Optimize join of two tables with a unique lookup value

Hi all,

I am looking for the most optimal way to join two large tables. I have a transactional table with 10mio+ rows and a second table with related master data with 1.5mio+ rows in it. The second table has unique rows with a string as the key for the table.

I am looking for a way to run this join as fast as possible, and I am not sure if there are any alternatives. Previously when working with other ETL systems one could build a lookup table that is optimized for unique values.

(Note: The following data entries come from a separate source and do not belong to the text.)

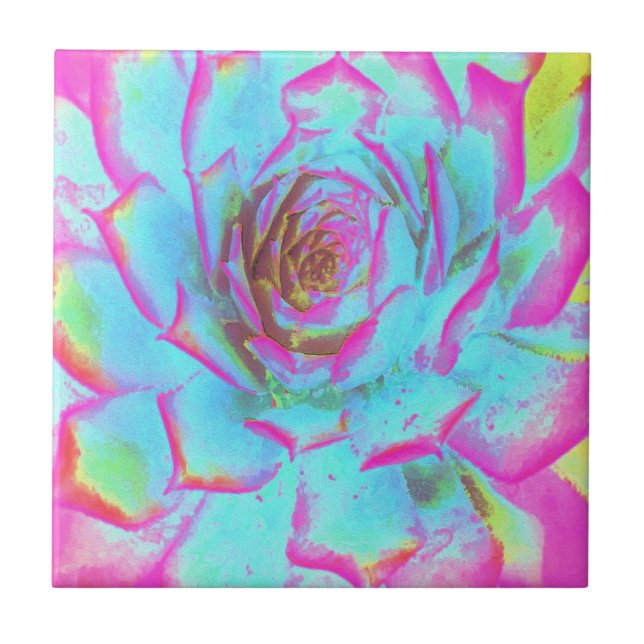 Heiß rosa und blau-sukkulente Sedum-Rosette Fliese (Vorderseite)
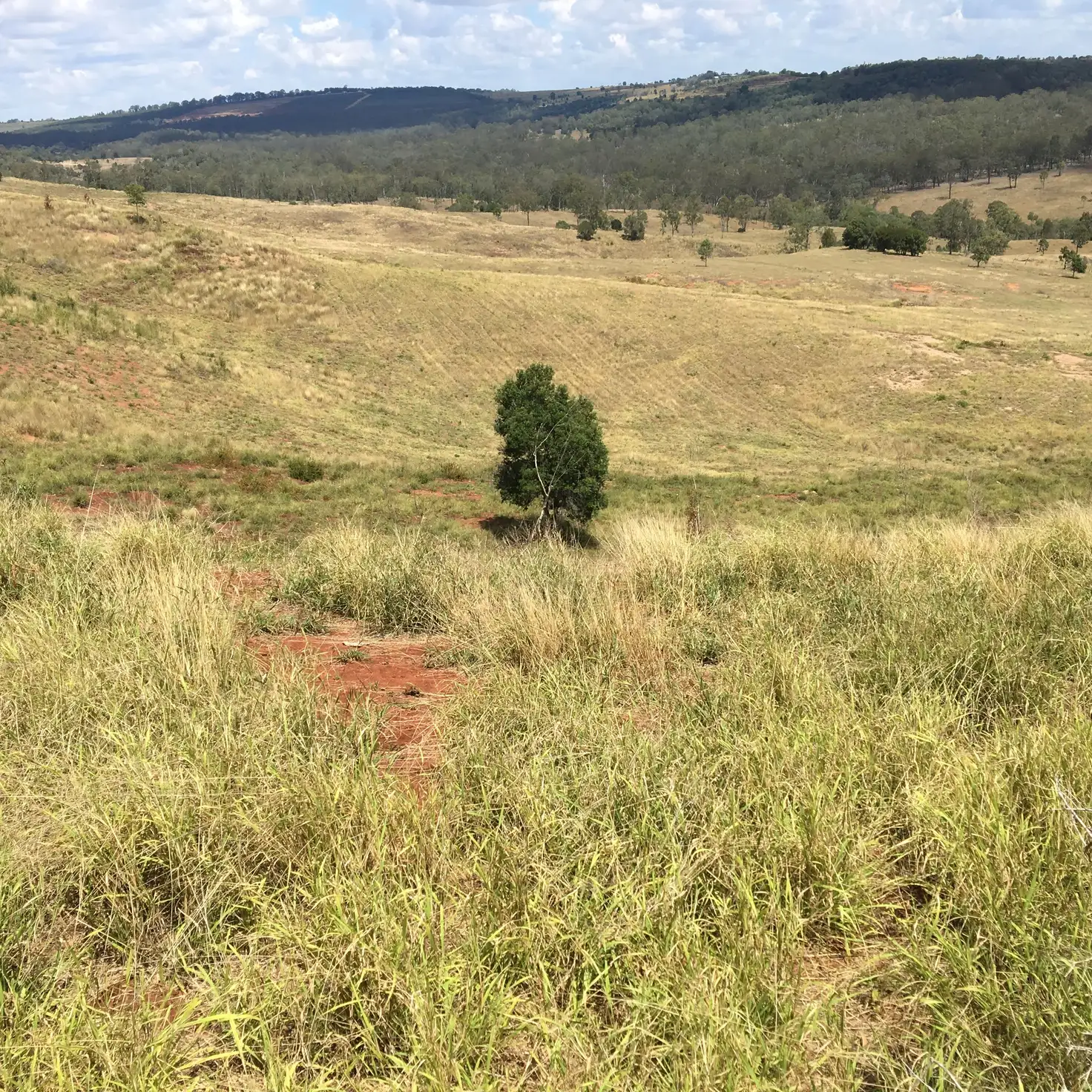 Main view of Homely rural property listing, Address available on request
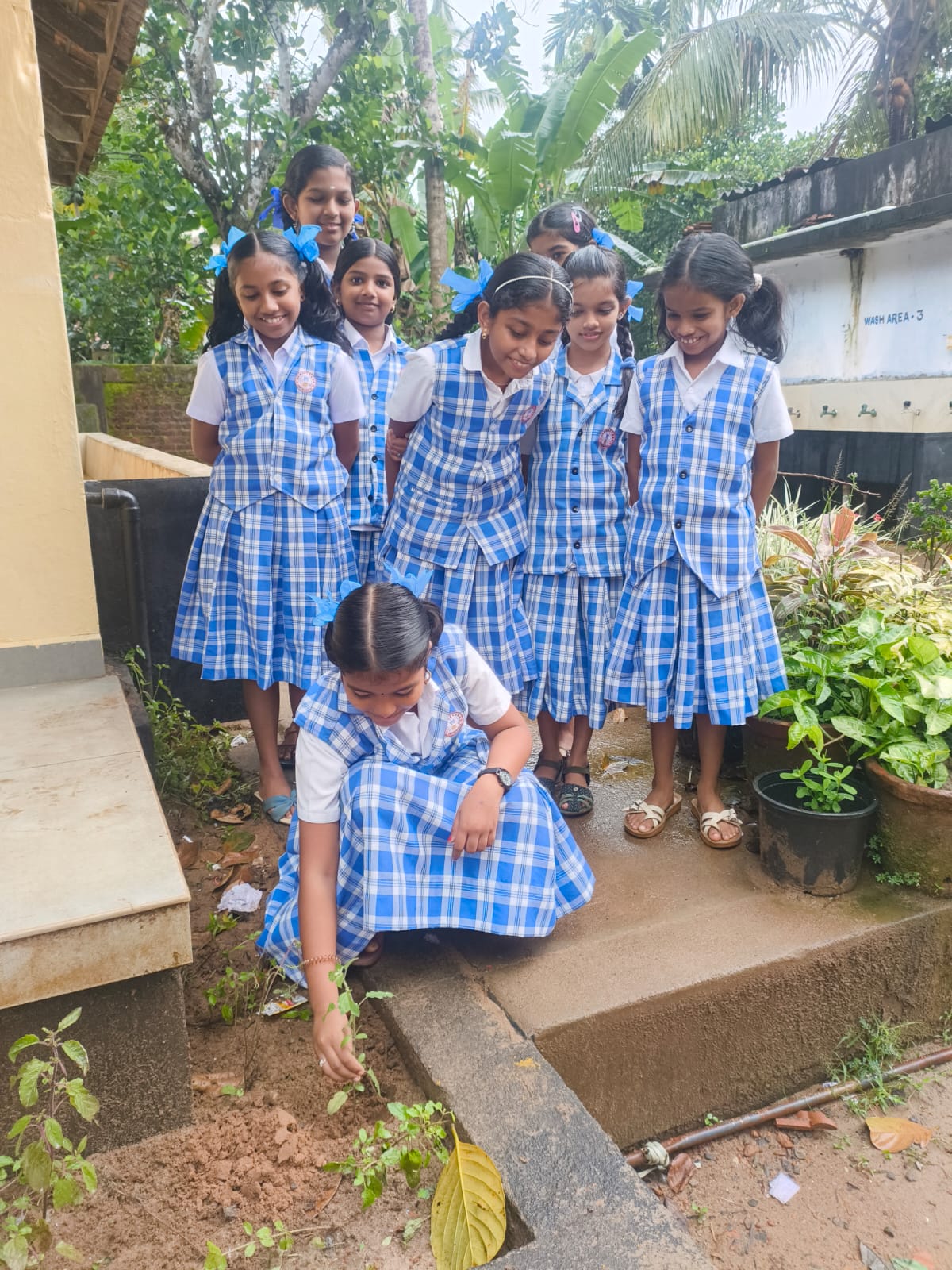 Environment day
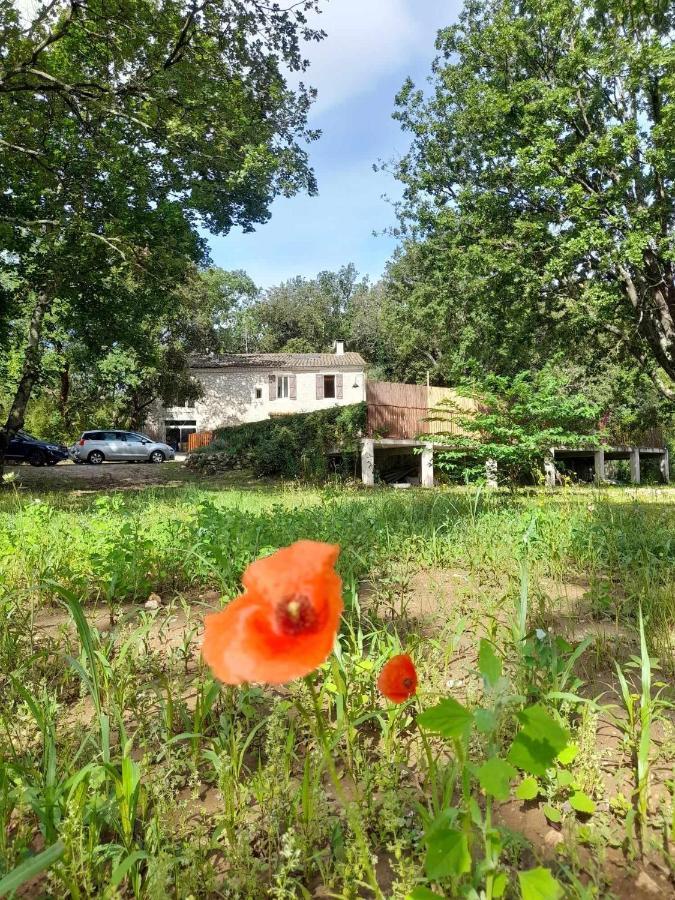 Le Mas Du Coquelicot Dions Extérieur photo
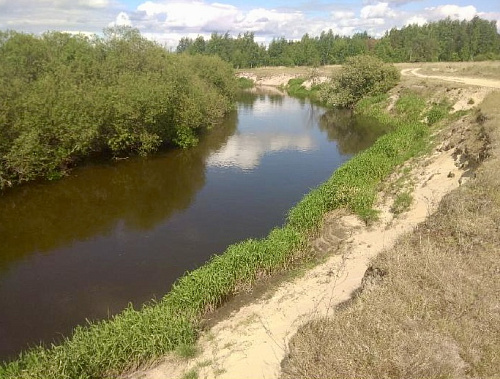 В результате проверки обращения о загрязнении реки Ветьма выявлено нарушение требований пункта 3 части 17 статьи 65 Водного кодекса РФ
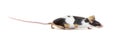 Side view of a Black and white Fancy mouse running away - Mus musculus domestica, isolated Royalty Free Stock Photo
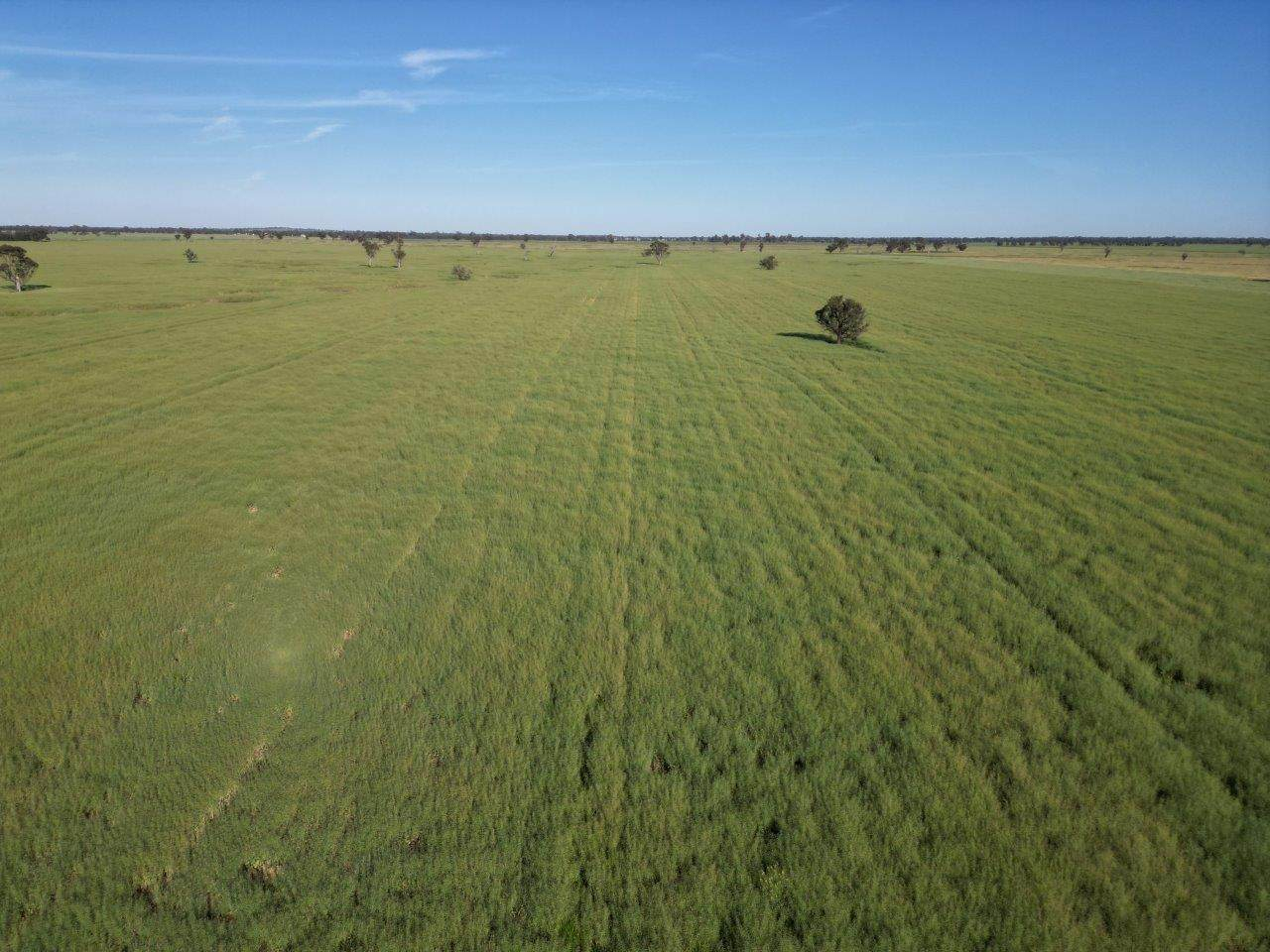 farm for sale NSW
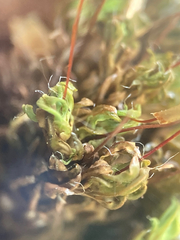 Encalypta rhaptocarpa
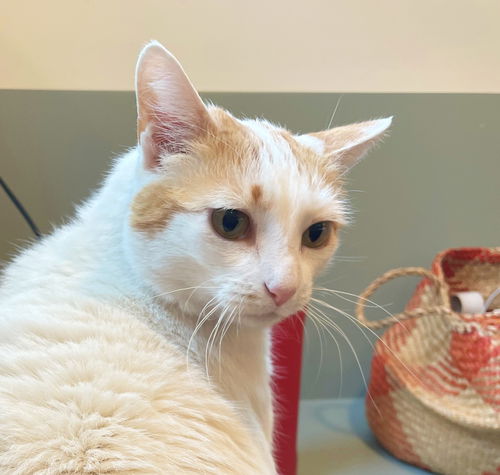 BEVERLY - Offered by Owner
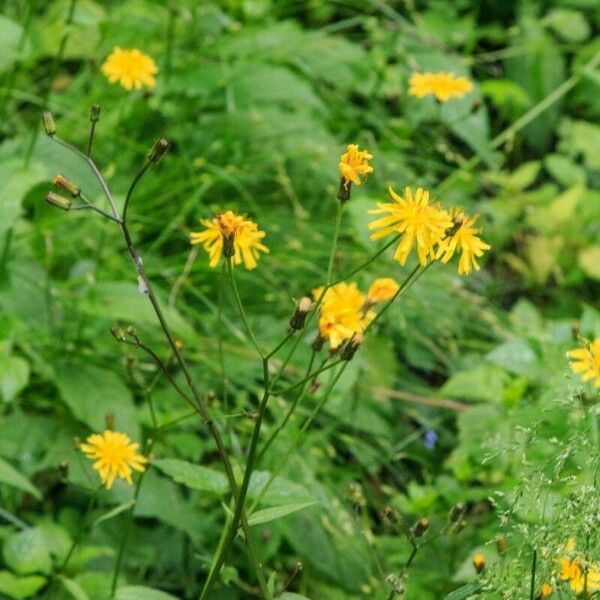 Crepis paludosa പുഷ്പം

Any input, or am I “just” stuck with the normal joiner for this?

Many thanks
Martin

Hi Martin,
What you can try is put your rows in the second table into a collection cell with the Create Collection Column node and then use the Cell Replacer to join it to the first table. Then you can use the Split Collection Column node to “unwrap” the collection column again. Create Collection Column and Cell Replacer are streamable, with can give you a performance boost. Split Collection Column unfortunately is not, but if you can replace it by a Java Snippet or Column Expressions, which are streamable, the whole thing can be streamed and that is pretty fast.
Kind regards,
Alexander

3 Likes

The new Join node should be optimised for performance. This points you might also want to consider:

  • see if you could force the whole join to be done in memory (settings at the node). You will of course have to have enough of that
  • you could set up your task so that the join is the only thing going on in your particular KNIME workflow and all the others are closed.
  • you could try and use a cache node before the actual join and see if this does help

Then you might want to explore my collection of more general performance topics. In general there will be a price to pay wither in more RAM or time and disk space. You will have to see what you might be able to optimise.

1 Like

Thank you for the input. We will run a few tests to see where we get the best performance and revert back here when we have some final conclusions

2 Likes

This topic was automatically closed 7 days after the last reply. New replies are no longer allowed.